In moggces/Rcurvep: Concentration-Response Data Analysis using Curvep

Introduction

Goal

By controling the two parameters (n of compounds) and (n of bootstrap samples), investigate the stability of threshold identification methods. (i.e., using raw, non fitted values or using fitted values from exponential fitting (starting values from SSasymp only )

Datset

The stored bootstrap sample results (n = 1000) for the 88 compounds

Steps

permutate samples 10, 100, 1000
permute number of compounds, 5, 10, 15, 20, 25, 30, up to 80
for each combination (boostrap sample x number of compounds), run 1000 times
calculate the metrics a) mean, se of the threshold based on raw values or exponential fit) b) fraction of thresholds that need to be checked c) fraction of bad exponential fit

load R packages

library(here)
library(Rcurvep)
library(tibble)
library(dplyr)
library(tidyr)
library(stringr)
library(purrr)
library(ggplot2)

prepare the dataset

zfishdev_boot <- readRDS(here("data-raw", "big_dataset", "biobide_percent_boot_1000_nonoise_newformat.rds"))
bootd <- zfishdev_boot %>% filter(endpoint == "119") ## percent_affected_96"

acts <- bootd

Active (50) / inactive (38) distribution

sum_act <- bootd %>% mutate(wAUC_prev = as.numeric(NA)) %>%
  summarize_curvep_output(., col_names = c("POD"), modifier = "INVERSE")
sum_act_hit <- sum_act %>% 
  group_by(chemical, endpoint, direction) %>% 
  summarize(hit_confidence = mean(hit_confidence))

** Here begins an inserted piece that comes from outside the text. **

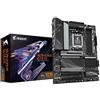 GIGABYTE X670 AORUS Elite AX (AM5/LGA 1718/AMD/X670/ATX/5 anni di garanzia/DDR5/Quad M.2/PCIe 5.0/USB 3.2 Gen2X2 Type-C/AMD WiFi 6E/2.5GbE LAN/Q-Flash Plus/M.2 EZ-Latch/Gaming Motherboard)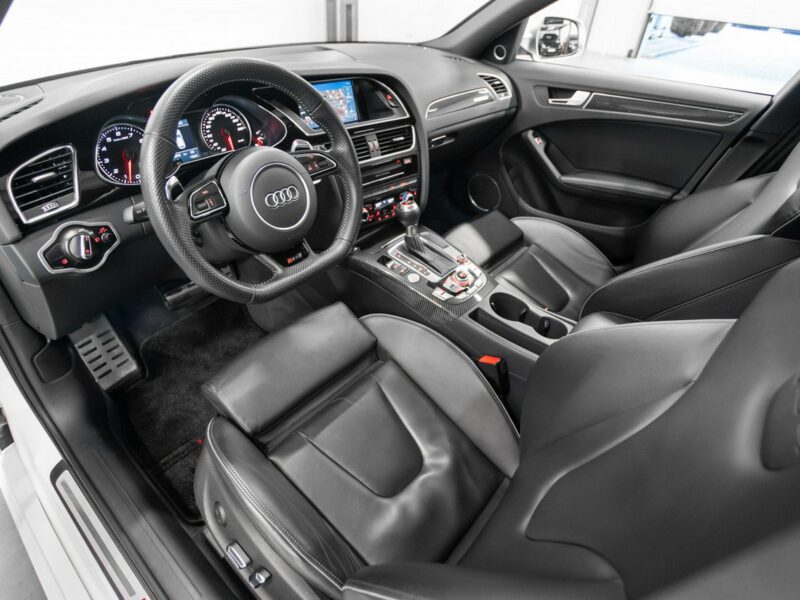 Audi RS4 Biały kruk. Jak nowa. Panorama, B&O. Bezwypadkowa. B8 (2012-2015)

actived <- sum_act_hit %>% filter(hit_confidence > 0.5)
inactived <- sum_act_hit %>% filter(hit_confidence <= 0.5)

p1 <- ggplot(sum_act_hit, aes(x = hit_confidence)) + geom_histogram()
p1

In total, regardless of the curvep threshold used, there are r nrow(actived) active compounds out of r nrow(sum_act_hit) compounds. The inactive compound names are: r inactived %>% pull(chemical).

Function to subset the stored data based on number of chemicals and number of bootstrap samples

subset_boot_data <- function(dd, n_chemical, n_sample) {
  sel_sample_ids <- seq(1:1000)
  if (n_sample != 1000) sel_sample_ids <- sample(1:1000, n_sample)


  chem_names <- dd %>% pull(chemical) %>% unique()
  sel_chem_names <- sample(chem_names, n_chemical)

  dd_p <- dd %>% 
    filter(chemical %in% sel_chem_names) %>% 
    filter(repeat_id %in% sel_sample_ids)
  acts <- dd_p %>% #extract_curvep_data(dd_p, "act") %>% 
    mutate(POD = ifelse(is.na(POD), conc_highest, POD)) 

  result <- acts %>% identify_basenoise_threshold(., plot = FALSE)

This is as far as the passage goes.